▶ **TASK GOAL**: The whole listing, exactly as given: write it out, leaving out each image.

START RECORDED INFORMATION

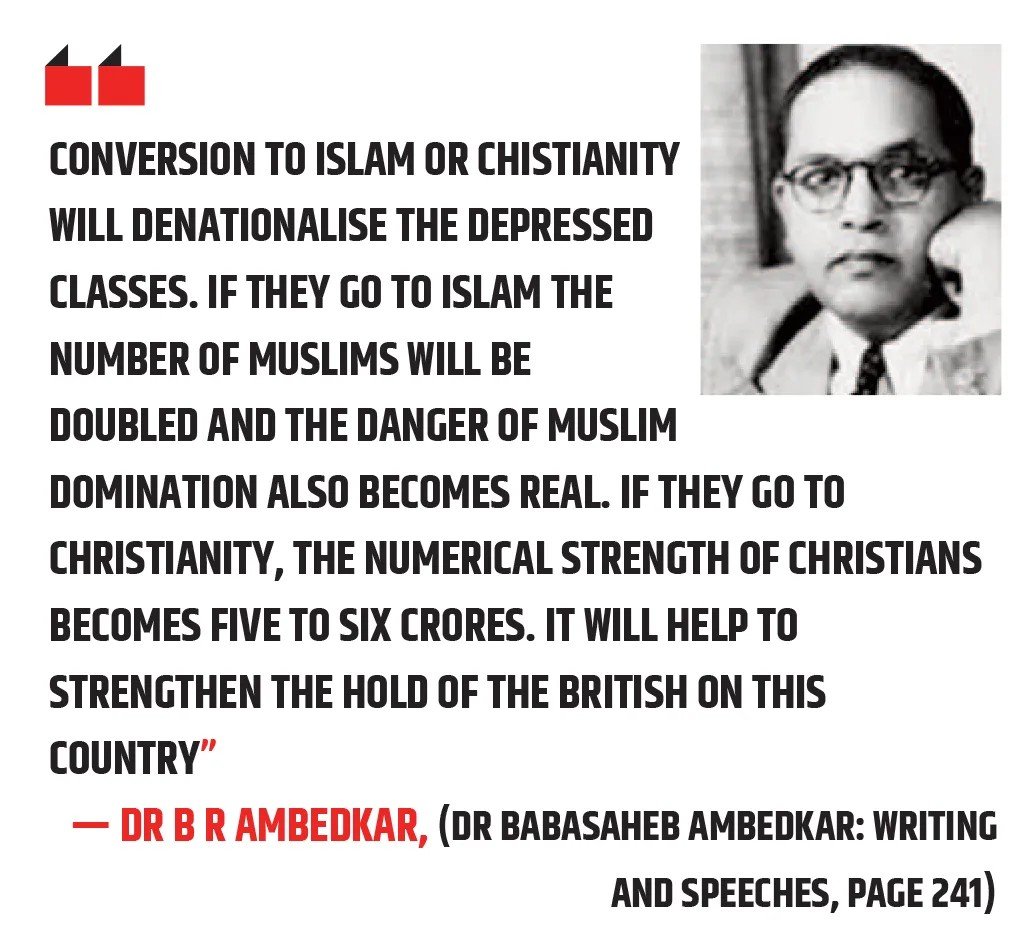 nomadicwrites's tweet photo. "Conversion to Islam or Christianity will denationalise the depressed classes" - B.R. Ambedkar.
#FCRA https://t.co/jhOMugBWgQ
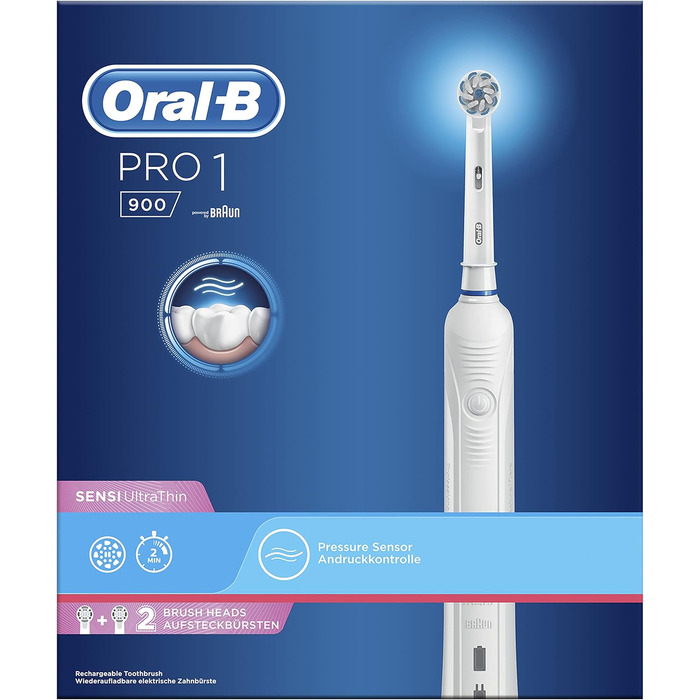 Акумуляторна електрична зубна щітка Oral-B PRO 1 900 Sensi UltraThin, 1 наконечник, 2 щітки, біла біла ука (1 упаковка)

END RECORDED INFORMATION

▶ **EXERCISE RESULT**:
 nomadicwrites's tweet photo. "Conversion to Islam or Christianity will denationalise the depressed classes" - B.R. Ambedkar.
#FCRA https://t.co/jhOMugBWgQ
 Акумуляторна електрична зубна щітка Oral-B PRO 1 900 Sensi UltraThin, 1 наконечник, 2 щітки, біла біла ука (1 упаковка)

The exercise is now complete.